March 2023 – LOOKING AT THE ADVERTISEMENTS for planes for sale is worrying.
It’s not just the usual crop of aircraft from people wanting to trade up. There is a far greater proportion of pilots selling everything: their planes, headsets and hangars.
In other words, they are done with flying. The problem is simple. South Africans have been made steadily poorer by incompetent government, the state of disaster from Eskom’s failure, and now Grey Listing. As the country gets poorer the Rand weakens and new planes become prohibitively expensive. Fuel and maintenance also become unaffordable and thus too many pilots are just hanging up their headsets.
Aviation is a capital-intensive industry that is typically very competitive and thus has low margins. To grow, the industry needs to have confidence in the economy – and in government. On top of the damage to the industry caused by the failure South Africa’s government, there are the ongoing debilitating attacks on the industry by misguided bureaucrats at the CAA.
‘The problem is simple.’
There are currently at least four such attacks:
- The conflict between the designated flight examiners and the CAA’s testing officers has once again come to a head. (I deal with this in my Attitude for Altitude column this month).

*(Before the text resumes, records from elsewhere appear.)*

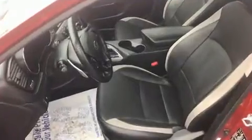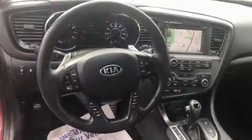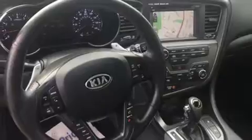Kia ensures the safety and security of its passengers with equipment such as dual front impact airbags with occupant sensing airbag, head curtain airbags, traction control, brake assist, anti-whiplash front head restraint, ignition disabling, and four-wheel disc brakes with ABS. For added security, Dynamic Stability Control supplements the drivetrain.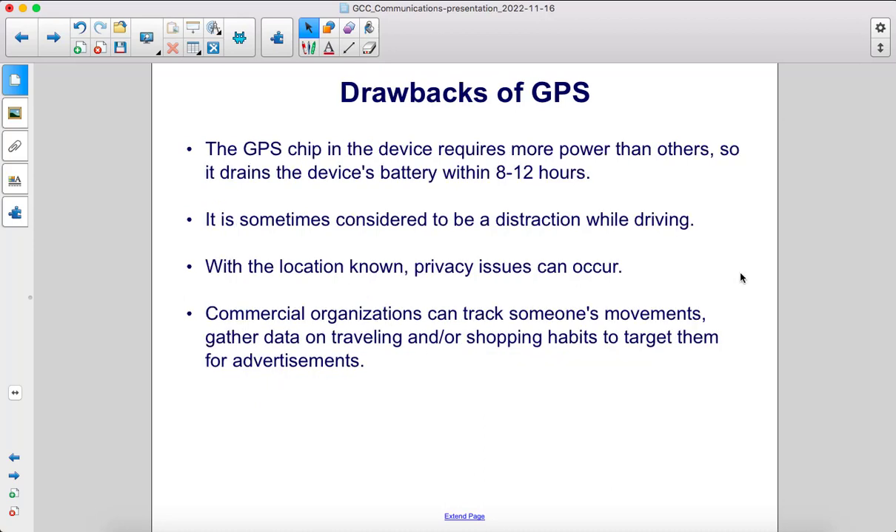Drawbacks of GPS include the GPS chip in the device requires more power than others, so it drains the device's battery within 8 to 12 hours. It is sometimes considered to be a distraction while driving. With the location known, privacy issues can occur — commercial organizations can track someone's movements, gather data on traveling and shopping habits to target them for advertisements.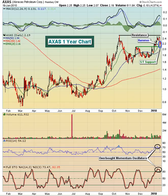Today we are featuring Abraxas Petroleum Corp, ticker symbol AXAS. This is a very small company, a $167 million basic materials company. They engage in the acquisition, development, exploration, and production of oil and gas, principally in the Rocky Mountain, Mid-Continent, Permian Basin, and Gulf Coast regions of the United States.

- Other worrying problems are the R380 charges now being levied for a simple administrative function which used to be free – notably the addition of a new aircraft type to the pilots’ ratings.
- Then too there is the arbitrary changing of standards for the restricted radio licence examiners.
- And lurking in the background, the inability to the CAA to deal decisively with airworthiness problems that should require an Airworthiness Directive.
Reports from banks, and in particular aviation lenders, shows that the industry is taking a wait and – see approach to expenditure. Flight schools report that there are very few people wanting to learn to fly for fun. The only flying schools that are thriving are those training foreign students for airline careers.
The sale of recreational aviation aircraft is at an all-time low. Sling Aircraft now sells the bulk of its production internationally, as locally very few pilots can afford to pay more than two million Rand for a basic two-seater recreational plane.
The sales of type certified piston aircraft have dried up almost entirely.
There is a sense that almost everyone is just holding their breath – or perhaps sitting on their hands. It was hoped that with the end of COVID there would be a collective sense of the unburdening of the economy as though a huge weight of depression has been lifted from its shoulders.
It may seem hard to imagine now – but everything is cyclical – and this too shall end.
Then the pendulum will swing back from the extreme depression it is in now, to the other extreme of optimism, and we will once again be flying in the best country in the world.